The other night I had a fantastic end of summer "celebration" with my daughter...I even managed to take a few pictures to celebrate. We have the privilege to live close to an abandoned amusement park...very cool in its own right, and even better that I had actually spent many a pleasant summer day there when I was a kid. My daughter recently got into checking out abandoned amusement parks online...so i thought bringing her to Rocky Point would be a very cool adventure. Not that we had to break in or anything, they've recently reopened a small section of the park complete with walking path that takes you on a fantastic stroll by the shore line.
We wandered around and looked at old things, took pictures of what was left to compare with pictures from its heyday online and we collected rocks and seashells while we stuck our toes in the water and "frolicked" on the beach. It was a little sad to see what had become of the midway and the giant dinner hall and it seemed an appropriate symbolic good bye to summer, as it's now time to say good bye to the carefree days and long nights of summer.
Later we drove to the light house and pretended we were being sneaky as we walked up the giant gates with the stop signs and homeland security signs to get a better look, and then ended our night sitting on a bench eating dough boys and cheese fries over looking the bay. We both agreed that our summer now felt complete and our sense of well being was uplifted after spending that time together. It's a wonderful memory that we'll both cherish.

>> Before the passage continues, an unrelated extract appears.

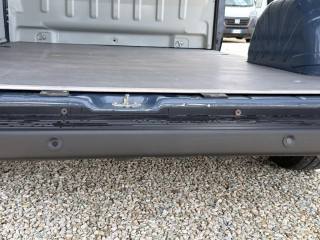 CITROEN Jumper usata 15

Tonight I have a small ritual planned and then we'll bury our protective witch bottle at the end of the driveway...it seems it has finally stopped bubbling! Our feast was last Sunday, and in retrospect it was definitely a good idea since my husband has worked every night this week, and is working both tonight and tomorrow night...so our last meal as a whole family was a good one. Tonight's meal will be somewhat suspect, as are most of them when its just the girls home alone...i always feel a little bad cooking a whole meal when the husband isn't there with us.

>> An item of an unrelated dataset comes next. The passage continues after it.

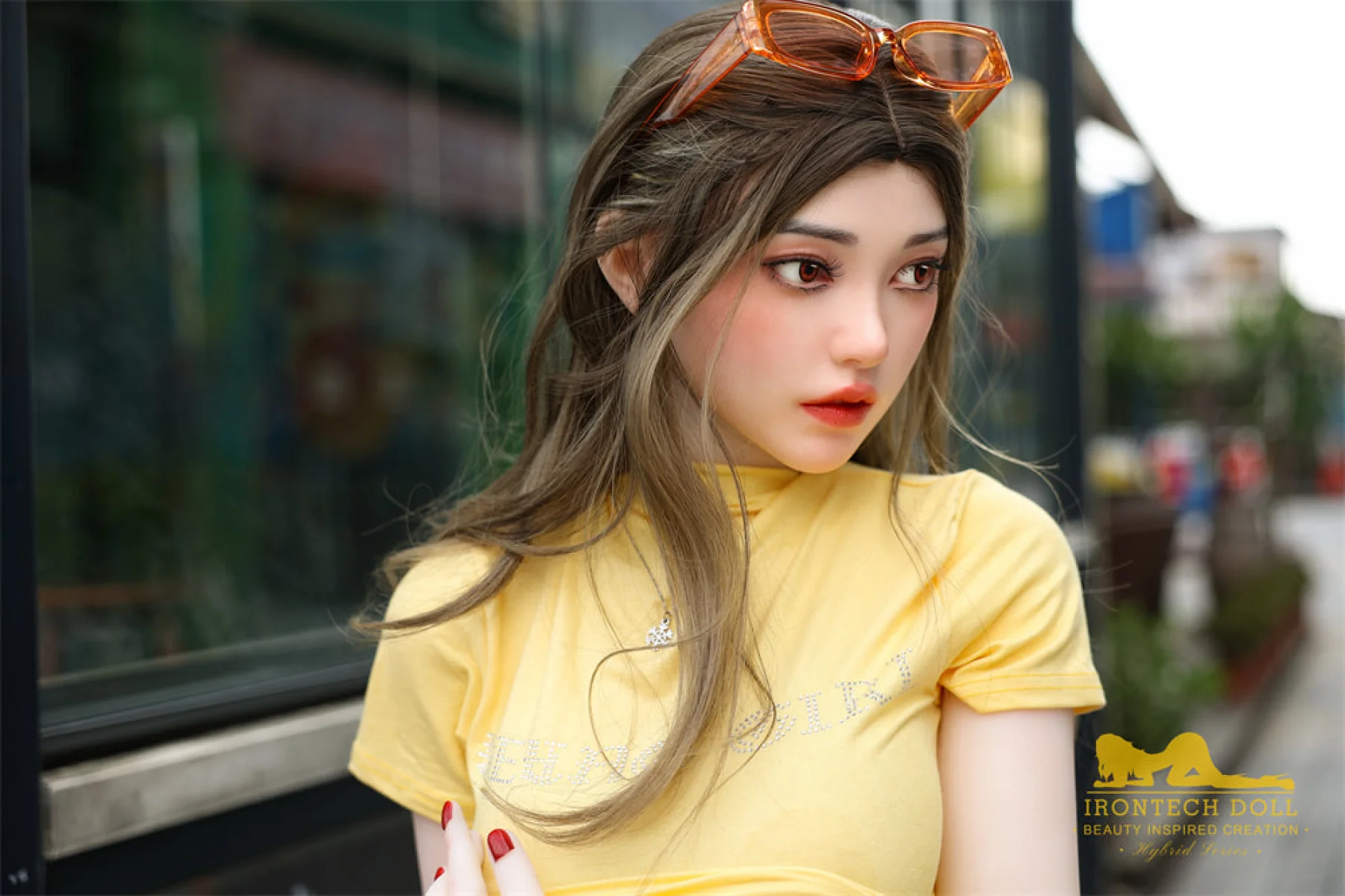 Product image 14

I feel like the whole week has been filled with little symbolisms...most of the plants have been brought inside, since the frost threatens here and there....not so much now, of course, its muggy and gross right now...but last week it was almost there! I've been doing fall cleaning and washing the thick blankets for our beds and the warmer jackets...I think one of the reasons I do like fall so much is the sense of getting ready to "winter in" makes me appreciate my home and what I have so much more. To think that there are people who aren't as fortunate as I to have a place to winter in is a little heart breaking. This is just one of the many things that I am thankful for, all which will be mentioned in my ritual tonight. Its funny how many things you can come up with when you sit down and make a thankful list for yourself.